The copy must match the data word for word and contain no pictures.

Records drawn from a dataset

- - - - -

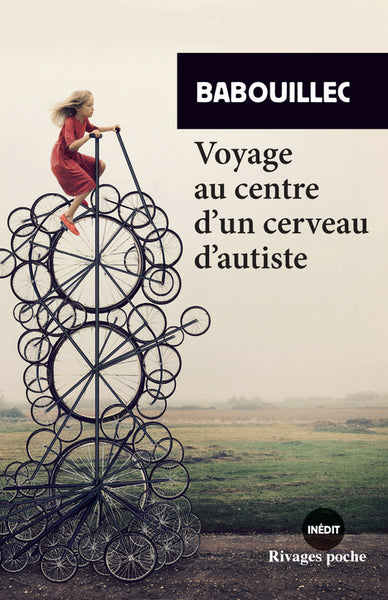 VOYAGE AU CENTRE D'UN CERVEAU D'AUTISTE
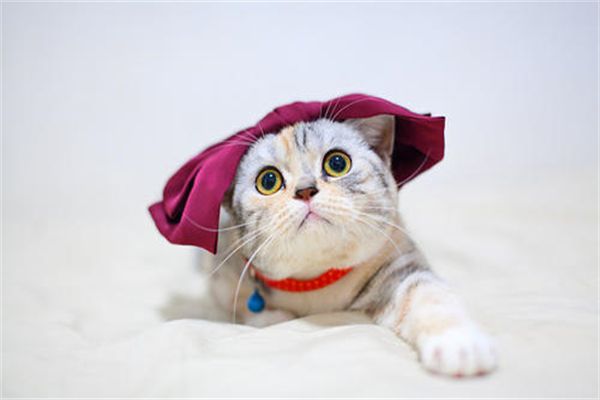宠物猫体检多少钱(宠物猫体检一般多少钱)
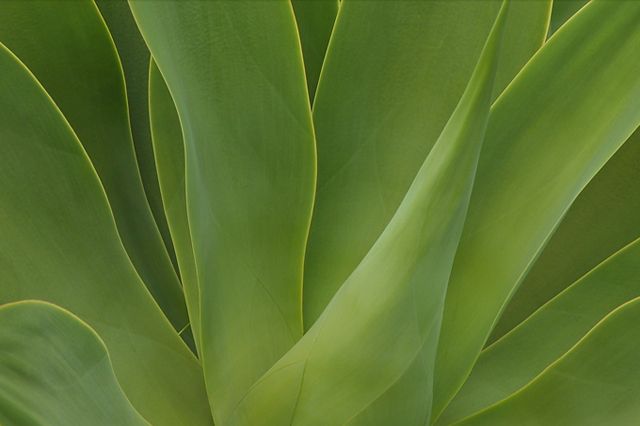 Agave Green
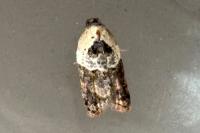 Acleris variegana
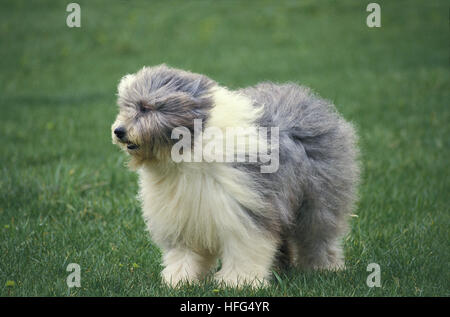 Bobtail Dog or Old English Sheepdog, Adult standing on Grass Stock Photo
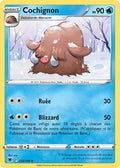 032 - Cochignon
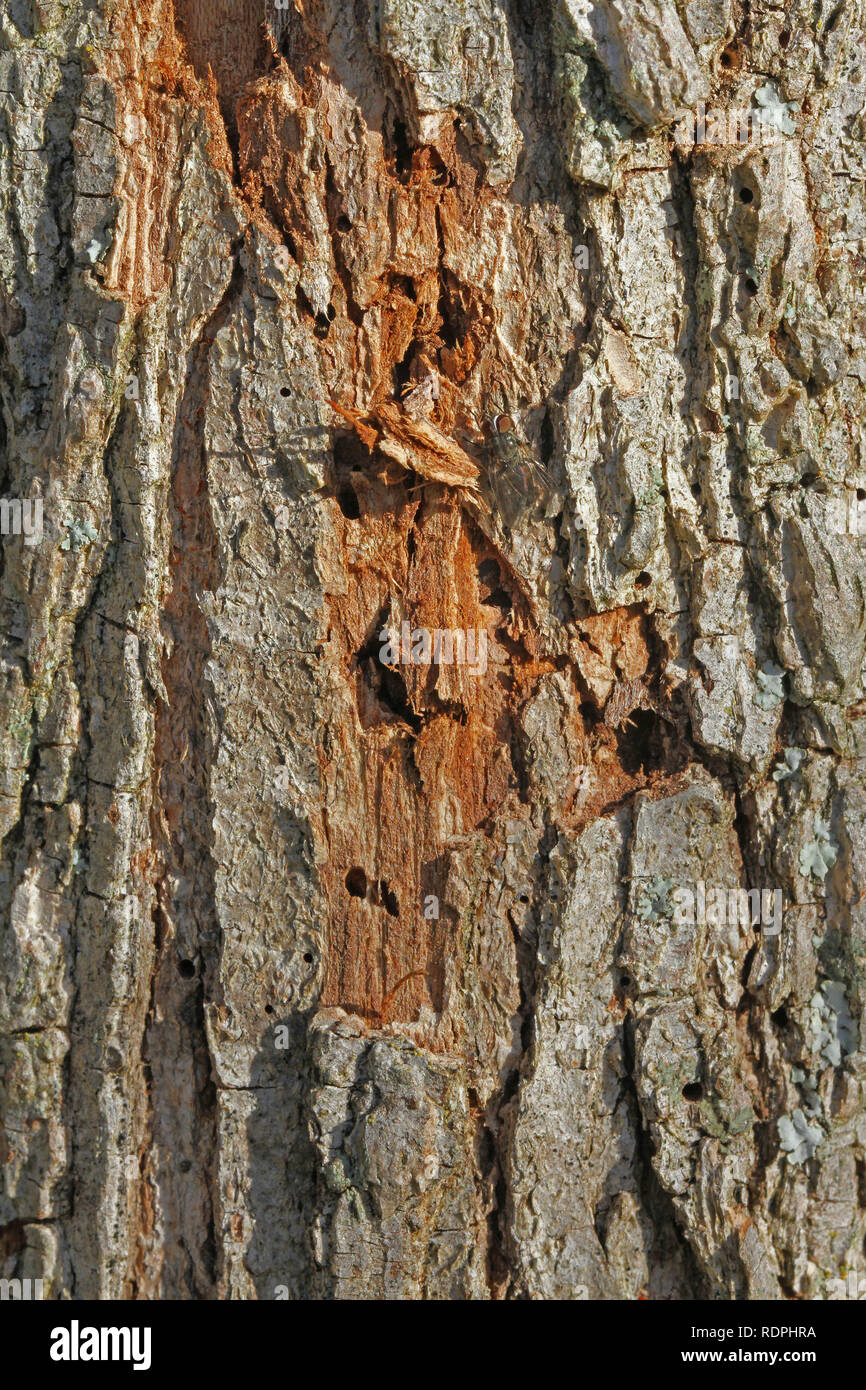 La corteccia di un albero di olmo latino ulmus o frondibus ulmi mostrante l'inizio della malattia dell'olmo olandese chiamato anche grafiosi del olmo con fori Foto Stock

- - - - -

--- Solution to the problem ---
 VOYAGE AU CENTRE D'UN CERVEAU D'AUTISTE
宠物猫体检多少钱(宠物猫体检一般多少钱)
 Agave Green
 Acleris variegana
 Bobtail Dog or Old English Sheepdog, Adult standing on Grass Stock Photo
 032 - Cochignon
 La corteccia di un albero di olmo latino ulmus o frondibus ulmi mostrante l'inizio della malattia dell'olmo olandese chiamato anche grafiosi del olmo con fori Foto Stock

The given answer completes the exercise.